26-09-2006, 03:06 PM
Rob, sent you a PM with a couple of leads. :whistle: Go get them! :D
26-09-2006, 03:17 PM
I've spoken with the one supplier I previously identified. The advertised item is not in stock and will be replaced by an 'upgraded' model when the next shipment arrives in two weeks time. The person at the store who is the specialist/expert on the telescope line is on holidays until then so getting any useful information was not possible.
The next step would be to place an inquiry with the Dept of Fair Trading (seeing the store is in NSW). The first question they ask is 'Has the issue been discussed with the trader in an attempt to resolve the problem?'
Talk to the supplier, express your concerns and if they don't want to do anything about it, or don't understand the issue, then talk to the Dept of Fair Trading. They will follow it up - your taxes at work.
26-09-2006, 03:23 PM
Pity 'Current Affair' wouldn't touch it.
They would only do a story on it if some poor kid got blinded. Too late then for that kid! Like putting a band-aid on an amputated leg.
And I don't wish for someone to be injured or blinded just to get the item mentioned. But until something bad happens, it's not a story to them.
Where does the term "Oz" come from. I live in the US and never heard it before I joined this forum.
Thanks and sorry for the OT post,
28-09-2006, 05:00 AM
Oz is short for Aussie, which is short for Australia :)
"Oz"...I like it. :thumbsup: Thanks, Mike.
The whole issue of the legality of solar filters in Australia is very confused, and pops up every time there is an eclipse here.
The basic problem seems to be that there are no Australian standards for the safety of solar filters.

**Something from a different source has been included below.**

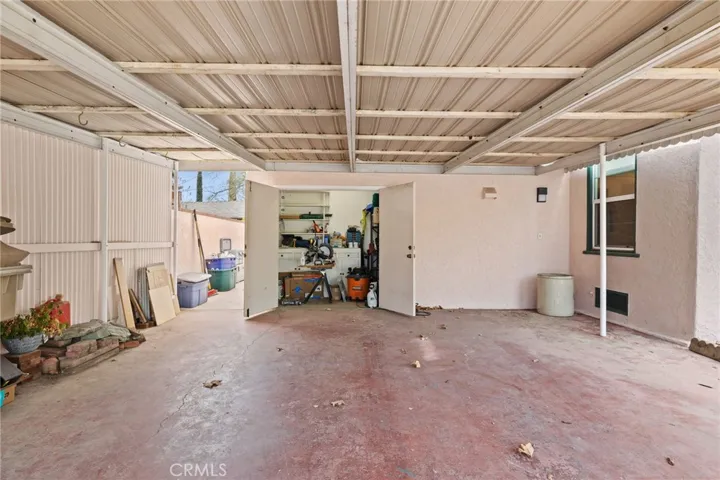 Carport: 2+ cars, level, heavy duty metal cover, 5'x10' shop/storage closet with built-in workbench, cabinets & shelves, side yard to gate to pool yard and to South (3rd) Bedroom entry door.

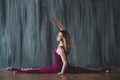 Fit sporty girl is stretching. Young beautiful gymnast woman in a jumpsuit doing gymnastic split, twine.. Sport is a flexible, Royalty Free Stock Photo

Now WE all know what's safe -- full aperture filters firmly attached to the front of the scope -- and what's not -- cheap welder's glass attached to the eyepiece. (BTW, if you are NOT sure what's safe, just ask!)
But this appears to be too difficult for the bureaucrats and lawyers to understand. Back during the 1976 eclipse, they banned Roger Tuthill from selling his solar filter material. Something similar happened to someone (Rudy in Wollongong?) importing solar filters for the 2002 eclipse. Want to bet it'll happen again for the 2012 eclipse?
This is not helped by the fact that the Australian Ophthalmological Association -- the pro eye doctors in Aus -- claim that "there is no safe way to observe the Sun". Geez, that's news to me. And it ignores the fact that the sun is 100% safe to observe _without filters_ during the few minutes of totality of a total eclipse.
I think we should all do our bit to stop companies from selling solar eyepiece filters. They are dangerous, and should be banned. But we should also do our bit to tell people that there are safe ways to observe the sun -- filters, projection, pin-holes, whatever. It's truly sad that the people of Zambia were given more accurate information about eye safety for the 2001 eclipse by their government than we receive from our local "experts".